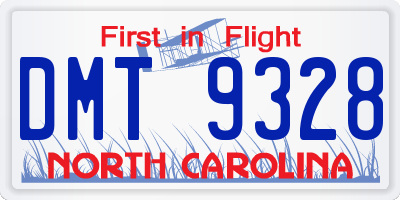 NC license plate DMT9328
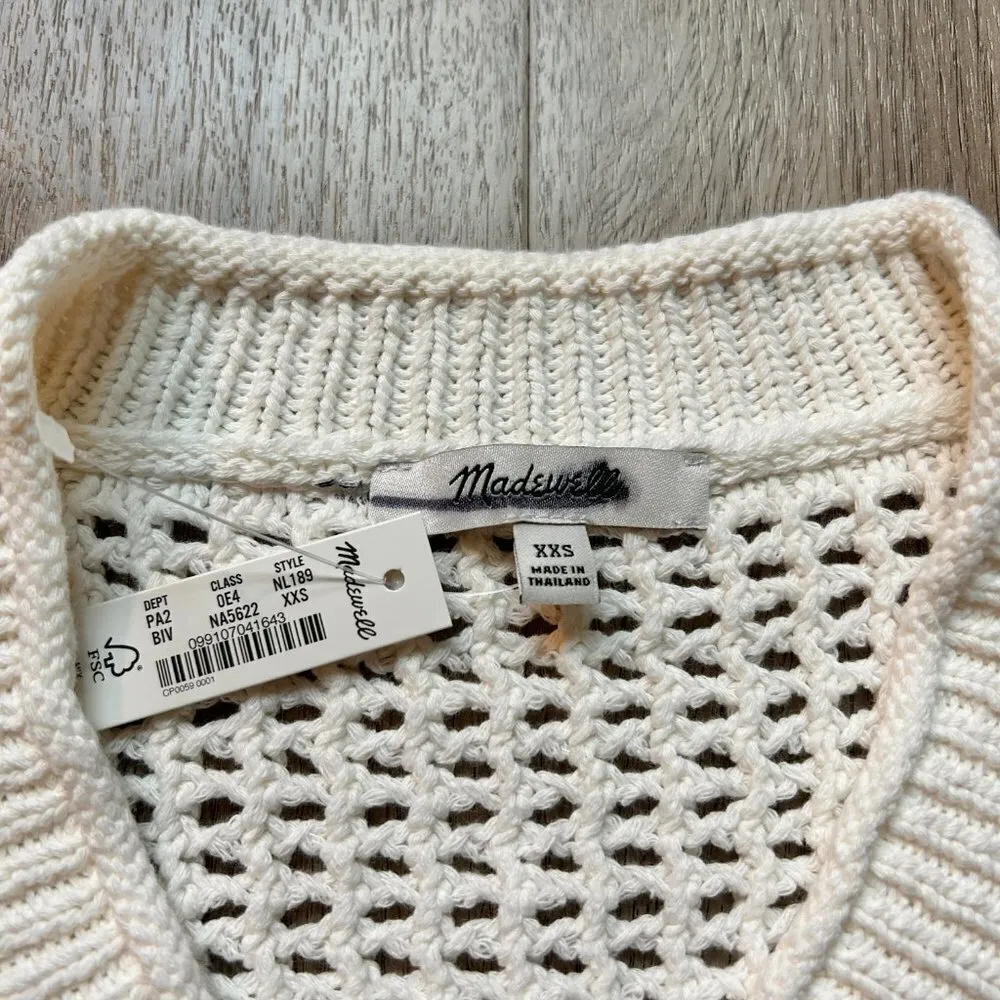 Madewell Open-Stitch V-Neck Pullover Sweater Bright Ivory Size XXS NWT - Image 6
==
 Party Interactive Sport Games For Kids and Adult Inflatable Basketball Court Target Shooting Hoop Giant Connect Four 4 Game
* * *
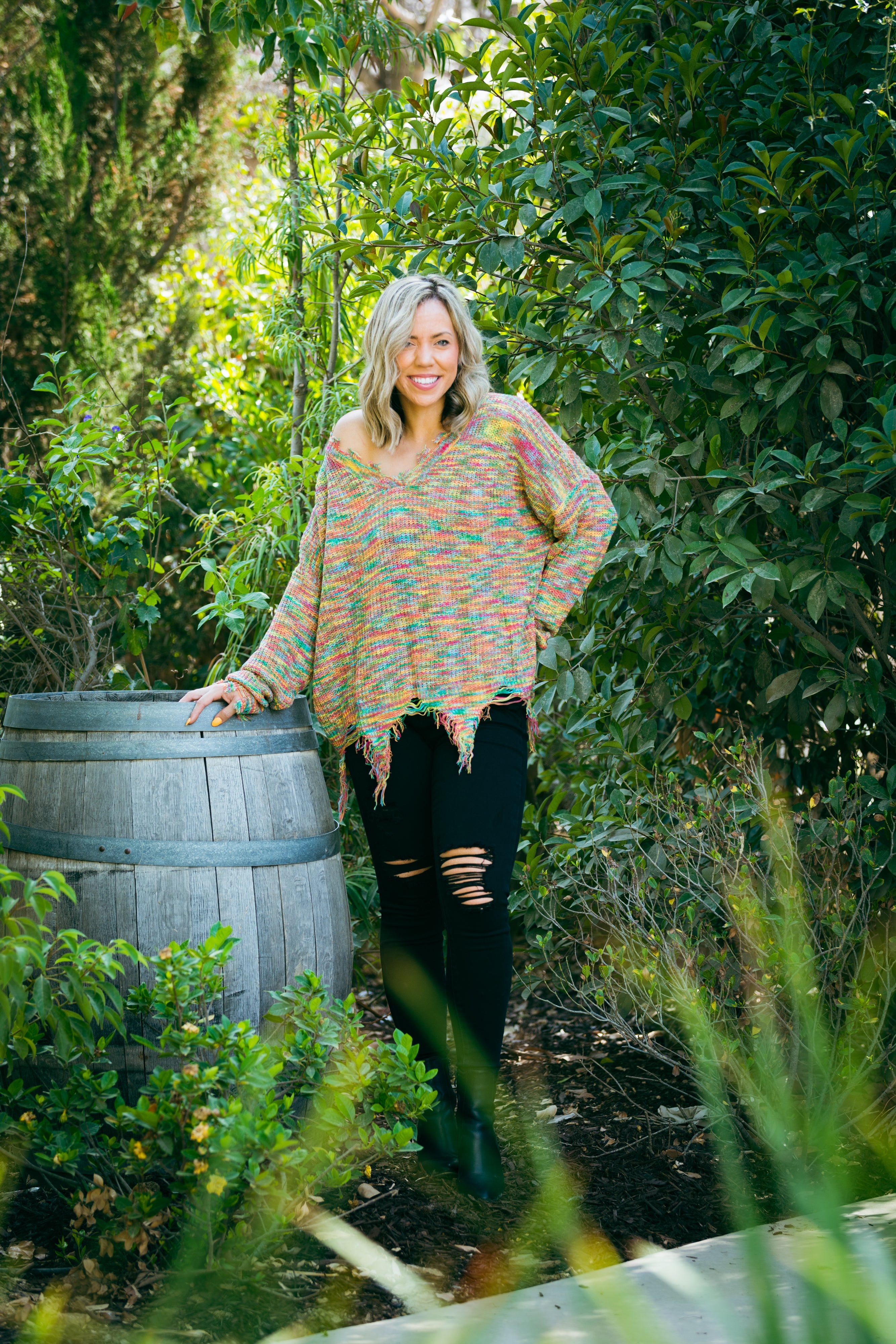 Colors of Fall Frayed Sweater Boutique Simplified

Exercise description: Leave out every picture, and copy exactly the lines above starting at the one holding "NC license plate DMT9328" and ending at the one holding "Madewell Open-Stitch V-Neck", no more and no less.

Output below:
 NC license plate DMT9328
 Madewell Open-Stitch V-Neck Pullover Sweater Bright Ivory Size XXS NWT - Image 6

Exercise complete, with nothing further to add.